Chemically-reactive (functional) comonomers can be incorporated into the grafted PNIPAM layer and serve as sites for the introduction of bioactive molecules, as exemplified in Figure 5.15
Figure 5.Schematic illustration of the temperature-responsive affinity control between integrin receptors and RGDS (Arg-Gly-Asp-Ser) peptides. RGDS ligands are conjugated to P(NIPAM-co-CIPAAm) using amide bond formation with N-(3-dimethylaminopropyl)- N′-ethylcarbodiimide hydrochloride (water-soluble carbodiimide (WSC, Prod. No. E1769) as a coupling reagent. At 37 °C, the temperature-responsive polymer shrinks to expose RGDS ligands (red beads) to the cell membrane integrin receptors (yellow). Thus, cells can be cultured in serum-free conditions on RGDS-immobilized temperatureresponsive culture dishes. By decreasing the culture temperature to 20 °C, cells are harvested non-invasively. The RGDS ligands remain attached to the temperatureresponsive polymer surface.
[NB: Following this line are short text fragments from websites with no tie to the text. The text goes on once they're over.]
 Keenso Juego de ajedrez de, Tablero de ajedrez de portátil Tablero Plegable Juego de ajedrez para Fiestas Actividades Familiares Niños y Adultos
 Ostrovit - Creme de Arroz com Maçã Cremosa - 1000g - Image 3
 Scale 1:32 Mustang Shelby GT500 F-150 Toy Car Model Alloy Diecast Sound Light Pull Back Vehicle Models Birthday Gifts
First, TCPS dishes are grafted with a copolymer of NIPAM and 2-carboxyisopropylacrylamide (CIPAAm) by electron beam polymerization of a NIPAM/CIPAAm mixture (CIPAAm content: 1–5 mol%). Subsequently, the synthetic cell adhesion tetrapeptide, Arg-Gly-Asp-Ser (RGDS, A9041) is linked covalently to the P(NIPAM-co- CIPAAm) grafted TCPS dish, using standard amide bond formation methodologies.18 The presence of RGDS on the interface promotes cell adhesion and growth to confluency at 37 °C under the serum-free culture conditions supplemented with recombinant growth factors. After reaching confluency, cells can be harvested as intact cell sheets by simply reducing the temperature to 20 °C, as in the case of PNIPAMgrafted culture dishes. Rehydration of the PNIPAM surface chains irreversibly disrupts the interactions between the surface-immobilized RGDS peptides and the cell membrane integrin receptors. This strategy significantly reduces the culture period and allows for the growth of cells in the absence of the traditional fetal bovine serum, which is an important consideration given the potential risks associated with the use of mammalian-sourced products in the manufacture of tissues used in clinical applications for human cell therapies.
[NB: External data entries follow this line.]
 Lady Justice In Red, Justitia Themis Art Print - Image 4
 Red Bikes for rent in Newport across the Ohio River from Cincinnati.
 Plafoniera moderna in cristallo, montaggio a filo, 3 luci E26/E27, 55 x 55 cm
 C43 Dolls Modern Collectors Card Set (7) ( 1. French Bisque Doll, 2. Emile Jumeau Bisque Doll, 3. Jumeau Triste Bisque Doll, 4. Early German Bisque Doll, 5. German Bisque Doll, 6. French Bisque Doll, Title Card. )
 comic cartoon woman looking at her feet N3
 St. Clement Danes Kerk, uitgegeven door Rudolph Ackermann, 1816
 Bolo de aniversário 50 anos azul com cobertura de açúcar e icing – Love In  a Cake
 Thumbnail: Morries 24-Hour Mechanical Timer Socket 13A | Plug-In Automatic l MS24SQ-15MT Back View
Future progress in temperature-responsive cell sheet engineering depends on the availability of precisely optimized PNIPAM-grafted surfaces enabling the controlled fabrication of heterotypic cell sheets. One promising approach relies on the use of PNIPAM brushes of controlled thickness and grafting density prepared by controlled radical polymerization, such as atom transfer radical polymerization (ATRP) and reversible addition-fragmentation chain transfer (RAFT) polymerization.19-21 The development of these novel smart surfaces and their research and medical use will open up new frontiers in the biological and medical fields.